Jetzt gibt es den ganzen Janßen
St. Paulis neuer Chef-Coach bastelt an seinem Profil „Lienen zu kopieren, wäre ein schlechter Ratgeber“
Vor exakt einer Woche trat Olaf Janßen seinen Dienst als Cheftrainer mit den Worten an, den ganzen Menschen Olaf Janßen habe man beim FC St. Pauli noch nicht sehen können. Auch wenn es natürlich noch viel zu früh ist, grundsätzliche Entwicklungstendenzen ausmachen zu können: Mit jedem weiteren Tag wird das Bild des neuen Coaches kompletter. Und es unterscheidet sich naturgemäß in mehreren Punkten vom alten, unvollständigen ebenso wie von dem seines omnipräsenten Vorgängers Ewald Lienen.
Planung und Durchführung der Einheiten: Der eigens von St. Pauli kreierte Begriff „TPZ“(Treffpunktzeit) hat mehr oder minder ausgedient. Wird jetzt eine Einheit offiziell für 10 Uhr angesetzt, so sind die Protagonisten tatsächlich um 10 Uhr auf dem Platz. Zuvor mussten Trainingsbeobachter mitunter Zeit und Geduld mitbringen, weil 10 Uhr TPZ auch mal 11.30 Uhr Trainingsbeginn bedeuten konnte. Zudem verlegte Lienen die Einheiten teils spontan, während Janßen die Planung für die kommenden Tage weitestgehend frühzeitig festzurrt.

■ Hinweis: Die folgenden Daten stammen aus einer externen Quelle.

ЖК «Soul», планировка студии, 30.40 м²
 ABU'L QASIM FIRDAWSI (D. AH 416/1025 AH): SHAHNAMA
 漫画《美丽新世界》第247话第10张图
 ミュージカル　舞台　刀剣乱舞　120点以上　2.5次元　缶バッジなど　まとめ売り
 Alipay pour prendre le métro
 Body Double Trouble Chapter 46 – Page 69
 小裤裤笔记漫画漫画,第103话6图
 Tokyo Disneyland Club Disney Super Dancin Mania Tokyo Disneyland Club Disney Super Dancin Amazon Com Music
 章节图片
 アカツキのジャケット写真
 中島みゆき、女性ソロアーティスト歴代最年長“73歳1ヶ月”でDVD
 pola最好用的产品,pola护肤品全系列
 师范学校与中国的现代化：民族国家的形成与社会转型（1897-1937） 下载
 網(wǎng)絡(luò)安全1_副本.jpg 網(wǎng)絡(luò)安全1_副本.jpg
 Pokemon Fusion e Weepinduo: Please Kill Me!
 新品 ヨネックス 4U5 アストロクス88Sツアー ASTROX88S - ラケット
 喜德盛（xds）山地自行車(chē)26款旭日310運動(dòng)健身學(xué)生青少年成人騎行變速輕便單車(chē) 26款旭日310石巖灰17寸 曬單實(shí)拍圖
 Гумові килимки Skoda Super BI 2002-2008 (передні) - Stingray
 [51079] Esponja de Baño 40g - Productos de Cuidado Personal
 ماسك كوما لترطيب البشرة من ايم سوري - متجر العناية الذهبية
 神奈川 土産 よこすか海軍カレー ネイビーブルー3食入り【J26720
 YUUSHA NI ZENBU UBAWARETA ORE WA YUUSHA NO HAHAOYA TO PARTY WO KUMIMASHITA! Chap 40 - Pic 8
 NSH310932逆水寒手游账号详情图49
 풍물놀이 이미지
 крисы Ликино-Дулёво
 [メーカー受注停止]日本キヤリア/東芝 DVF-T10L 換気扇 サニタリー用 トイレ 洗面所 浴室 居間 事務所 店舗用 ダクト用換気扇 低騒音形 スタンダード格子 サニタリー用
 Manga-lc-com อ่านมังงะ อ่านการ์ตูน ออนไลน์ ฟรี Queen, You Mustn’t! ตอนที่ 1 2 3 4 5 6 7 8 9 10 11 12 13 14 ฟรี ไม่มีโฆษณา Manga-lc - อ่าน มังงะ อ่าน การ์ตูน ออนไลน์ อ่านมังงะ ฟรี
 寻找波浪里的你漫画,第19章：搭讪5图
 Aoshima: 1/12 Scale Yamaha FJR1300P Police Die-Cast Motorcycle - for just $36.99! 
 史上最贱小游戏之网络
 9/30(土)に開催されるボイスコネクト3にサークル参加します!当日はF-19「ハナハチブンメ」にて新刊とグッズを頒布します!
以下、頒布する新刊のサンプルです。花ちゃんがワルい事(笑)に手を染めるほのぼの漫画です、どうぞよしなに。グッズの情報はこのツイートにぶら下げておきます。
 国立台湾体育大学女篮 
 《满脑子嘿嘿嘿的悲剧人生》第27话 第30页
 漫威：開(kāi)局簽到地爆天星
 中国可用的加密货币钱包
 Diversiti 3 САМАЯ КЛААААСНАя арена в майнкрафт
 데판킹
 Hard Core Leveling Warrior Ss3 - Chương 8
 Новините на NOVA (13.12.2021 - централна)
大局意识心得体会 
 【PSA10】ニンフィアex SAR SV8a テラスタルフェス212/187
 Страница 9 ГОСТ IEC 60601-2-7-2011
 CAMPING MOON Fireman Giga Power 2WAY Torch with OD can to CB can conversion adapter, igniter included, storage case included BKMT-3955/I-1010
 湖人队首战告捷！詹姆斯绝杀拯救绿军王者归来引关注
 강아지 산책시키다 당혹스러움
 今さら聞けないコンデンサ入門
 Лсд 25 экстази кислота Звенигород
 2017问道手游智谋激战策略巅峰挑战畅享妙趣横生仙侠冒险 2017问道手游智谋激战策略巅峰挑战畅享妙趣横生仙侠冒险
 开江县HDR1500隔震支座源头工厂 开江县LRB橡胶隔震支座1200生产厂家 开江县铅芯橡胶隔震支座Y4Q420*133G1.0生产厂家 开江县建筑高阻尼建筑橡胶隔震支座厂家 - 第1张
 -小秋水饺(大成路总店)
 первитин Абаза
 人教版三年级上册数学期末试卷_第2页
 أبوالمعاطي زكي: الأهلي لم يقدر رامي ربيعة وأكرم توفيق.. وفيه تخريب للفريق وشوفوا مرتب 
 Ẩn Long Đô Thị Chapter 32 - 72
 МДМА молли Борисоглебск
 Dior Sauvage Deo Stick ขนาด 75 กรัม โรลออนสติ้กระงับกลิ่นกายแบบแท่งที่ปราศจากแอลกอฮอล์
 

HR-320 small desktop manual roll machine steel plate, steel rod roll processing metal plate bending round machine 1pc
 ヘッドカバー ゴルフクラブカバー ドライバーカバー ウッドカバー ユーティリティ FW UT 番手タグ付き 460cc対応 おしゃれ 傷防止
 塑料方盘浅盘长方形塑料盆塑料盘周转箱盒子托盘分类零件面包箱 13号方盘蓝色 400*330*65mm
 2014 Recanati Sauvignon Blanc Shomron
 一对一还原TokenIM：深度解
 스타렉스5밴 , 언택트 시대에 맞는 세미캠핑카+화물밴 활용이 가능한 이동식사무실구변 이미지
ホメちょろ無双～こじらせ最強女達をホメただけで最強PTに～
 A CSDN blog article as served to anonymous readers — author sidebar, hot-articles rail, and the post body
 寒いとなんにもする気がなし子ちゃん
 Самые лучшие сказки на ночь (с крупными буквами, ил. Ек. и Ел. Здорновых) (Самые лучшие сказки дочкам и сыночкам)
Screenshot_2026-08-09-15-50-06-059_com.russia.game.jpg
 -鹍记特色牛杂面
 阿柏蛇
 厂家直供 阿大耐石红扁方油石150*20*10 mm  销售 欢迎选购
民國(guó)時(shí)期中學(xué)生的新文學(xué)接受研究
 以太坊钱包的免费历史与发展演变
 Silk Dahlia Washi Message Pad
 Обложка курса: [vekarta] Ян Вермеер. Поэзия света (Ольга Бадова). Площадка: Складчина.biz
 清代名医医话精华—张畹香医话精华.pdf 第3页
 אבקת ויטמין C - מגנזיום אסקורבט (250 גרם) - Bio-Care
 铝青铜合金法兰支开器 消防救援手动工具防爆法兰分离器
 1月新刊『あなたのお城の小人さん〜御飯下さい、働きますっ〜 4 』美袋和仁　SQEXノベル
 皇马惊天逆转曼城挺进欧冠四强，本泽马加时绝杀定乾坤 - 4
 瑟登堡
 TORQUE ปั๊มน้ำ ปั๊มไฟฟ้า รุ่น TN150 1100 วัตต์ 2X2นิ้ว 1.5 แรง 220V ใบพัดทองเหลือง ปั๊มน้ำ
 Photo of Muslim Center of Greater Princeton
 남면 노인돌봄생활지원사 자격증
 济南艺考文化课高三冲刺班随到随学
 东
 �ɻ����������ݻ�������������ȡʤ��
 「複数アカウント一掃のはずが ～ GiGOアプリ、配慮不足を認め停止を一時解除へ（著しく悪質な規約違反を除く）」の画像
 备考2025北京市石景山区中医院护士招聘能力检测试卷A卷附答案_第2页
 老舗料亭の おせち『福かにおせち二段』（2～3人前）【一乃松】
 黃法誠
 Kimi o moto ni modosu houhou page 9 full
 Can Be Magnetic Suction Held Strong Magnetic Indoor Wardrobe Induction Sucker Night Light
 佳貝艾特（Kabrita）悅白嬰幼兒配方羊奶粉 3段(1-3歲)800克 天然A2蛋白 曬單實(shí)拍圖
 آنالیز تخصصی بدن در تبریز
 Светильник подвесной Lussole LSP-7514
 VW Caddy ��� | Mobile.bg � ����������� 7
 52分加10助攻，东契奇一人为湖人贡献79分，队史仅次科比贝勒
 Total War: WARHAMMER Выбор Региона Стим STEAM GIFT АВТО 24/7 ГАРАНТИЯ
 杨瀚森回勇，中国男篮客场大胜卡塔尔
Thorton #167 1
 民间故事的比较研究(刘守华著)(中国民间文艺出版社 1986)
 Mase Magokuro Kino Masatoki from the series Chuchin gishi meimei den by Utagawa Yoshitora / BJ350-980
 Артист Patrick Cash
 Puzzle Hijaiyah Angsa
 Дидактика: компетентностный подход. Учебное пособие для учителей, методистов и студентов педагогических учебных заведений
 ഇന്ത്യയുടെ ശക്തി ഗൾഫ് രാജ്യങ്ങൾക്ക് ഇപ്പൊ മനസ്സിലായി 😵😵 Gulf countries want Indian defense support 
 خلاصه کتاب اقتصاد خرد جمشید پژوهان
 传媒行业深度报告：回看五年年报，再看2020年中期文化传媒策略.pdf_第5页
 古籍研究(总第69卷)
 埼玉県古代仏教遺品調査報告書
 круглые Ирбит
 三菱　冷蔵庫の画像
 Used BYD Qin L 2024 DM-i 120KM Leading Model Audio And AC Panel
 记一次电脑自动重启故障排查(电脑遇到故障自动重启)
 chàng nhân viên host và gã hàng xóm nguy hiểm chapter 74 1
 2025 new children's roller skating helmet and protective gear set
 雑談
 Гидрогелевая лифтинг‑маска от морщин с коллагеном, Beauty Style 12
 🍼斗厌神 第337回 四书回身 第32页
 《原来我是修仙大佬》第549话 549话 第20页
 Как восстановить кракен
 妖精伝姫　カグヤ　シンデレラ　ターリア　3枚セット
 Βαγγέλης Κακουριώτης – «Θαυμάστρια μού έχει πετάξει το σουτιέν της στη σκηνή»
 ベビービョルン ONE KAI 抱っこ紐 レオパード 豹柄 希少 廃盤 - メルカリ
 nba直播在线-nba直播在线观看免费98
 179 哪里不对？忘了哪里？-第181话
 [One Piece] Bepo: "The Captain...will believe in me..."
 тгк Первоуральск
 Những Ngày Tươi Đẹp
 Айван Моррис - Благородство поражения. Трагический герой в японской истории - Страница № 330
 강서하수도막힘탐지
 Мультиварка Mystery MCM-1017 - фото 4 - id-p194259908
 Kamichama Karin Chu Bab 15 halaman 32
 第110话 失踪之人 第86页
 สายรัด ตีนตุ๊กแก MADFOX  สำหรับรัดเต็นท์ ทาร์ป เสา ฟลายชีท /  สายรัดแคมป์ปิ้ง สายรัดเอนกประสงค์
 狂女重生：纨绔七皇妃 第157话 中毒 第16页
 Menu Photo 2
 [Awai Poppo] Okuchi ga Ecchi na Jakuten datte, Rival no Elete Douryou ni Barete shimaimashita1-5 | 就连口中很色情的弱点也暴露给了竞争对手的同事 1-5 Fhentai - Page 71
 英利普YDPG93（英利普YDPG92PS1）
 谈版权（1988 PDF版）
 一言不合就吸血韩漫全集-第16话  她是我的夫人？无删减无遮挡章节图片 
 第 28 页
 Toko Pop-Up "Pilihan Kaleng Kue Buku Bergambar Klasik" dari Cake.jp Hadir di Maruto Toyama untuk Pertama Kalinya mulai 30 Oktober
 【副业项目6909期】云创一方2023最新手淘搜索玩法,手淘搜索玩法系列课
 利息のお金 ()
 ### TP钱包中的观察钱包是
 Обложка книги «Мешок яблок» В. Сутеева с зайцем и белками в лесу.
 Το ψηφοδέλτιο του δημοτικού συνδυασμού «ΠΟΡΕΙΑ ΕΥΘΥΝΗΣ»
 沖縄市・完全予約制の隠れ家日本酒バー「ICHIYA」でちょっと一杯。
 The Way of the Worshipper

Analyse der Einheiten: Seit kurzem ist hinter dem linken Tor des zweiten Rasenplatzes an der Kollaustraße ein Beobachtungsturm installiert. Teile der Einheiten, vor allem Spielformen, werden von dort aus via Kamera mitgeschnitten, was dem Trainer noch mehr Details liefert und dadurch die Verbesserung einzelner Spieler oder ganzer Mannschaftsteile erleichtert. Janßens Rolle: Seinen Job der Vorsaison haben die neuen Assistenten Markus Gellhaus und Patrick Glöckner übernommen. Janßen („Anders als die CoTrainer muss der Cheftrainer das große Ganze im Blick haben“) hat sich mehr in die Beobachterposition begeben, richtet in den Pausen aber oft das Wort an seine Schützlinge. Janßens Außendarstellung: Als Assistent von Lienen hatte sich der 50-Jährige komplett aufs Sportliche konzentriert und die Öffentlichkeit weitestgehend gemieden. Was zur Annahme Anlass gab, Janßen wäre den kommunikativen Aufgaben eines Cheftrainers unter Umständen nicht gewachsen. Ein Trugschluss, das ist jetzt schon offenkundig. Der ExProfi zeigt sich als offener Mensch mit Profil, Humor und angenehmer Geradlinigkeit, der nicht so sein will und muss wie sein Vorgänger („Ewald Lienen zu kopieren, wäre ein schlechter Ratgeber“), um schließlich Akzeptanz zu erfahren. Als dann ganzer Olaf Janßen.